▶ [To do]: The answer must consist only of the lines in the records below from the line with "Now since the" to the line with "11th of the", both included, copied word for word with every picture left out.

▶ [Material for this exercise]:

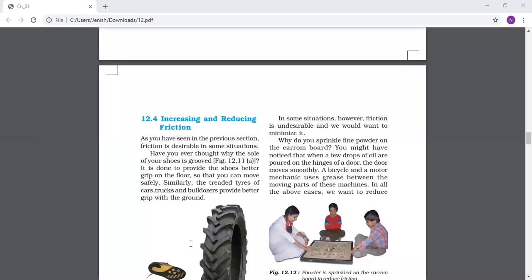Below the shoes - that is, on the sole inside the shoes - you have a grip pattern. Because of that sole, you can maintain a good grip on the floor. Your shoes are able to maintain good grip on the floor so you can move safely.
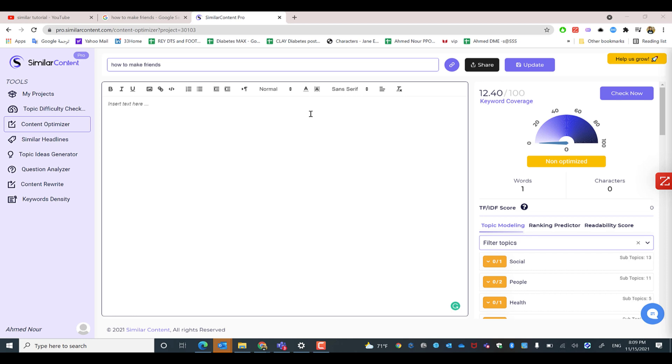The SEO editor is now opened after we have successfully created our first project in Similar Content.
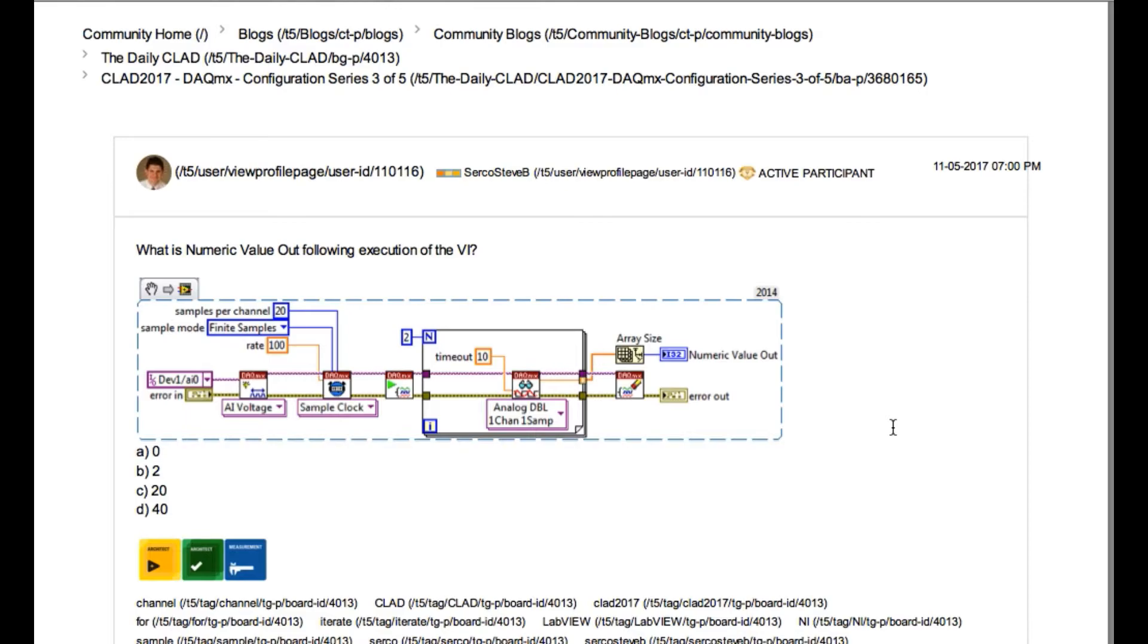Now since the for loop is configured to run two times, it is going to run only two times. And the size of an array will be two because you will have two elements. So the answer will be B.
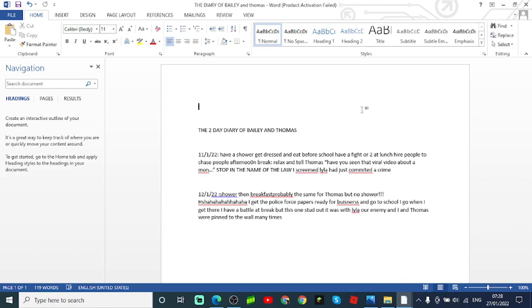11th of the 1st, 2022. Have a shower, get dressed, eat before school, have a fight or two at lunch, hire people to chase people at afternoon break, relax and tell Thomas.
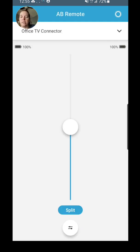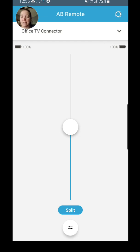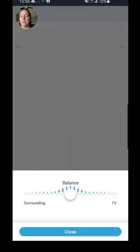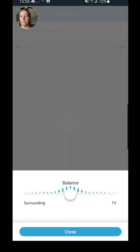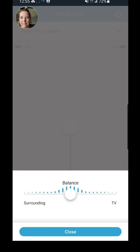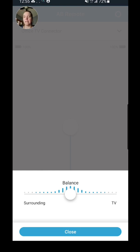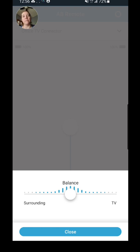You get another option that pops up here. So at the bottom, you'll see just below the split, there's another little thing that pops up. This allows you to control your balance, your environmental balance between what is being streamed through the device, whether it's a TV Connector, Bluetooth, Partner Mic, Roger, etc. You can adjust the balance of your environmental sounds and the streaming signal.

▶ [Output of the exercise]:
Now since the for loop is configured to run two times, it is going to run only two times. And the size of an array will be two because you will have two elements. So the answer will be B.
11th of the 1st, 2022. Have a shower, get dressed, eat before school, have a fight or two at lunch, hire people to chase people at afternoon break, relax and tell Thomas.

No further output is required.